Politically and socially, the country has gone through a turbulent evolution during the 51 years since gaining independence from Belgium.

In 1965 Mobutu Sese Seko seized power, retaining it for 32 years through several flawed elections and brutal force. Ethnic strife and civil war touched off by a massive inflow of refugees in 1994 from fighting in Rwanda and Burundi, led to the toppling of Mobutu in May 1997 by a rebellion backed by Rwanda and Uganda.

In August 1998 there was a second insurrection again backed by Rwanda and Uganda. At that time troops from Angola, Chad, Namibia, Sudan, and Zimbabwe intervened to support the existing regime.

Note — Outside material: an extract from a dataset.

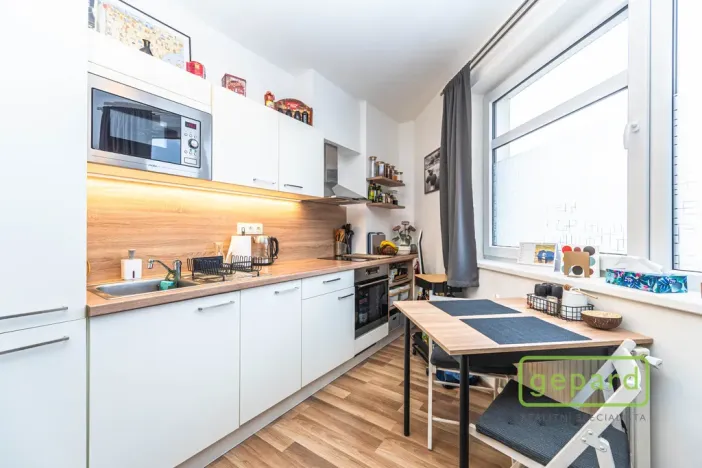 Pronájem bytu 1+kk, Praha, Ke kříži, 26 m2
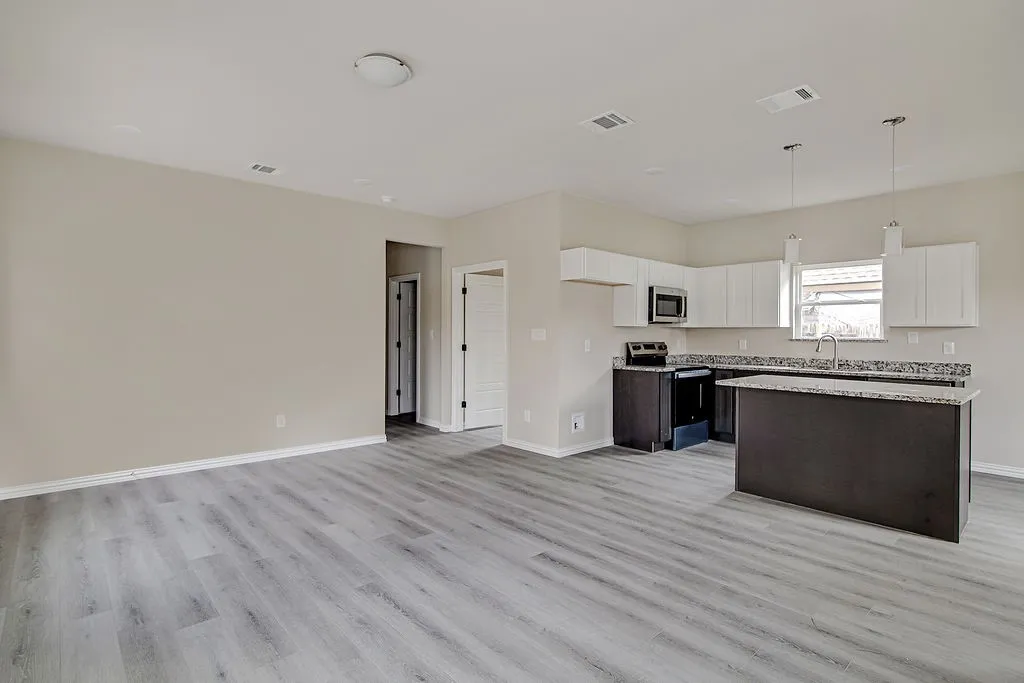 Single Family Residence For Sale in Tarrant County , 1005 E Tucker Street, Fort Worth, Texas 76104, 3 Bedroom, 2 Bathroom, Garage spaces, 1,338 Sqft, built in 2026, New Construction - Complete, mls#21200805, Real Estate Agent in Fort Worth, Homes For Sale in Tarrant county, Homes For Sale in Fort Worth, Realtor in Fort Worth Texas, Real Estate Brokerage Independent Realty Texas, Luminita Cordes Realtor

A cease-fire was signed in July 1999 but sporadic fighting continued, during which the president Laurent Kabila was assassinated; his son, Joseph Kabila, was named head of state. In 2002, the new president negotiated the withdrawal of Rwandan forces occupying eastern Congo; a later Accord was signed by all remaining warring parties, ending the fighting and establishing a government of national unity. A transitional government was set up in July 2003 and elections took place in 2006. In the recent 2011 national elections, disputed results allowed Joseph Kabila to be re-elected to the presidency.

Systemic corruption since independence and the conflicts that began in May 1997 greatly reduced national output and government revenue, increased external debt, and resulted in the deaths of more than 5 million people from violence, famine, and disease.